# Plant Problem - String Algae?



## SpecialEffect (Aug 7, 2009)

Hmm, i finally realized what was growing on my plants ( been busy with work ) Saw this all yesterday did a nice water change, gravel vac, and then added more sand to my aquarium because LOTs of roots started popping out of my old sand depth heh.

Heres a picture,


----------



## maknwar (Jul 16, 2007)

Thats Black brush algae(bba). Caused mainly due to lack of co2. What kind of lights you run? I would suggest adding seachem excel regularly.


----------



## SpecialEffect (Aug 7, 2009)

maknwar said:


> Thats Black brush algae(bba). Caused mainly due to lack of co2. What kind of lights you run? I would suggest adding seachem excel regularly.


48 gallon aquarium, 24W, 22" (i think)

Could it also be lack of co2 because of the amount of plant's i got?


----------



## maknwar (Jul 16, 2007)

If its heavily planted, yes. Excel will turn it pink and then it will go away.

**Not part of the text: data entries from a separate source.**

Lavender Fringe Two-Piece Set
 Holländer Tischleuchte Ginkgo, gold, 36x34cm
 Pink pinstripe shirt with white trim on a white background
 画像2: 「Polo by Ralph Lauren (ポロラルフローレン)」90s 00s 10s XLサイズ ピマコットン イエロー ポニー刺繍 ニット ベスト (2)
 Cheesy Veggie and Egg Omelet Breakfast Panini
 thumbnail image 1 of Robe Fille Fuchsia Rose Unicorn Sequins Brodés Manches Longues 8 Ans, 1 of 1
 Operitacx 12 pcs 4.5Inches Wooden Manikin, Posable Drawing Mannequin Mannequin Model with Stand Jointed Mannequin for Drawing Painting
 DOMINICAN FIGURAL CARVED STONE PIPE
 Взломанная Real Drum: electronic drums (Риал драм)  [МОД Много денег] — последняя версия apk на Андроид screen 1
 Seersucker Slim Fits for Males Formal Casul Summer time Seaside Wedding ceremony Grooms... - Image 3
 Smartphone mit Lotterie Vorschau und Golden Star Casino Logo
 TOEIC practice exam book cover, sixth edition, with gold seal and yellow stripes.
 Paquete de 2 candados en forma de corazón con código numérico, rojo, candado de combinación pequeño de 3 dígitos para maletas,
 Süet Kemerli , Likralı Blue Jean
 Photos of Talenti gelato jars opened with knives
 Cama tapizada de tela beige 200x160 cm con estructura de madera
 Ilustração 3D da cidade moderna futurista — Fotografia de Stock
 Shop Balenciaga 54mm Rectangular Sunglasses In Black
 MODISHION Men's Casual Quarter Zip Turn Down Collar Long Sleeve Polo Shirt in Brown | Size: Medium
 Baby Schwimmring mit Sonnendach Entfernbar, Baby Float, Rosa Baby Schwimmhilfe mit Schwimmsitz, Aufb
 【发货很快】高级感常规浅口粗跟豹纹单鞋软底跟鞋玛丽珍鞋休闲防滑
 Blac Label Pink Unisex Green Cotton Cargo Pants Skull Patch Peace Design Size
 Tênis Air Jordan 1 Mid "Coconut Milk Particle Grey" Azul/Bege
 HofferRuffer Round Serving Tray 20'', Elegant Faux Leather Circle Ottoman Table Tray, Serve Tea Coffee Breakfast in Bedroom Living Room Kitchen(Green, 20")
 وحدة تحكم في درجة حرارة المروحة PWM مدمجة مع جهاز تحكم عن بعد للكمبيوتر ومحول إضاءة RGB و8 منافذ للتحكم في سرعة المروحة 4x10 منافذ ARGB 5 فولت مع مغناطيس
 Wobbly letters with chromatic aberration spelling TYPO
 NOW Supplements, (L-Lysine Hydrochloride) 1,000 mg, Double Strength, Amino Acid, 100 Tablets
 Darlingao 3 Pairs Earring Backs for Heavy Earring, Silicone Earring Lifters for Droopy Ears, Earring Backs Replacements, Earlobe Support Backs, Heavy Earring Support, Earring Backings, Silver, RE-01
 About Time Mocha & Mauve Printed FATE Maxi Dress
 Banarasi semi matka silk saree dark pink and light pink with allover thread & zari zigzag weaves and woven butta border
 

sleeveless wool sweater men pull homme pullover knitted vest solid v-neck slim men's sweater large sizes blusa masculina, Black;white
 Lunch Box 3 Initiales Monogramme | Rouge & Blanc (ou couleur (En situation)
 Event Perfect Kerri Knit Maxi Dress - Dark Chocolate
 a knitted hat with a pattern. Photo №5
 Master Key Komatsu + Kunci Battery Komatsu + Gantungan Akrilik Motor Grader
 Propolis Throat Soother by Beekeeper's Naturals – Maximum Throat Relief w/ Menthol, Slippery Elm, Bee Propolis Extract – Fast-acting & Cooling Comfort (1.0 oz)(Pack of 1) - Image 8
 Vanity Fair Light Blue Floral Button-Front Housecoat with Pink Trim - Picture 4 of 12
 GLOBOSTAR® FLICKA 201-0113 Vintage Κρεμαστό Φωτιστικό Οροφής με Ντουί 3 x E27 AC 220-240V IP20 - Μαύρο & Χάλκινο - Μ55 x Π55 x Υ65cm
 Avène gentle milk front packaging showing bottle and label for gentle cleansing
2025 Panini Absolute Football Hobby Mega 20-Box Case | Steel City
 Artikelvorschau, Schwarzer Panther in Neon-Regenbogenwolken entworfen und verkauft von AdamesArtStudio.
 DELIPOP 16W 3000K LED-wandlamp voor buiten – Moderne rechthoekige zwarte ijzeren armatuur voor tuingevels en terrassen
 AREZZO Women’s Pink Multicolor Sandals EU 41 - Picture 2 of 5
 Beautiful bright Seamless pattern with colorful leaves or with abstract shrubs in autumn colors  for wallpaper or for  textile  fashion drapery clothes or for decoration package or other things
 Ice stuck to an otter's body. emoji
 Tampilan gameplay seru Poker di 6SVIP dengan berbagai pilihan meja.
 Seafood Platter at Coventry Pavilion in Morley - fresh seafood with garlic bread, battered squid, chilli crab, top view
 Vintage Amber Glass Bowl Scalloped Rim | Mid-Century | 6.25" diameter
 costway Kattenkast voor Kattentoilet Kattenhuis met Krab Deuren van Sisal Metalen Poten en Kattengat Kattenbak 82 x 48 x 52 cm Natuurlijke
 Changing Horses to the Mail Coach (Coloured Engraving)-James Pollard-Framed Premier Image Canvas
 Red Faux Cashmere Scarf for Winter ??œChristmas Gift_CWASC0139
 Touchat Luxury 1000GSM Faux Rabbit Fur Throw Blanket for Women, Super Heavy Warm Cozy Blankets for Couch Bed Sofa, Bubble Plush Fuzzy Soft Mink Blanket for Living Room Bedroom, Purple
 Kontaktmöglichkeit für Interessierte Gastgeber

It looks like your plants are healthy so nutrients arent the problem, and your lighting is fine. Co2 is the only thing that it could be. I was in the same situation with my 125g and excel cleared up my bba quickly and made my plants grow faster too. Get ready to trim more often.


----------



## SpecialEffect (Aug 7, 2009)

IS it cheaper to just buy a co2 kit, or just use excel regularly?


----------



## maknwar (Jul 16, 2007)

long run, co2. short run, excel. You dont really need to spend the money to get co2 because your lighting is low and your plants are doing fine without it.


----------



## balluupnetme (Oct 23, 2006)

I have black brush algae except it's on my driftwood, would I need excel ?


----------



## maknwar (Jul 16, 2007)

balluupnetme said:


> I have black brush algae except it's on my driftwood, would I need excel ?


Wouldnt hurt anything. Do you have plants?


----------



## balluupnetme (Oct 23, 2006)

maknwar said:


> I have black brush algae except it's on my driftwood, would I need excel ?


Wouldnt hurt anything. Do you have plants?
[/quote]

I have 3 pieces of driftwood, 3 anubias barteri on each, 2 of the driftwood have black brush algae


----------



## maknwar (Jul 16, 2007)

Add some and it should go away.


----------



## balluupnetme (Oct 23, 2006)

maknwar said:


> Add some and it should go away.


Thanks for the advice


----------



## balluupnetme (Oct 23, 2006)

But would the ph drop ?


----------



## maknwar (Jul 16, 2007)

Excel doesnt effect anything chemistry wise. If you pump real co2 into the tank the ph changes but that really doesnt count either for reasons i dont want to go into right now. I can recommend some good articles online about excel if you want.


----------



## balluupnetme (Oct 23, 2006)

It's cool thanks again


----------



## SpecialEffect (Aug 7, 2009)

Well, i just started dosing excel... It says to do it daily, however i believe im going to do it every 2 days since all i got is 100ml bottle heh

Thanks for the help, i hope the things go away!!


----------



## maknwar (Jul 16, 2007)

Keep us updated.


----------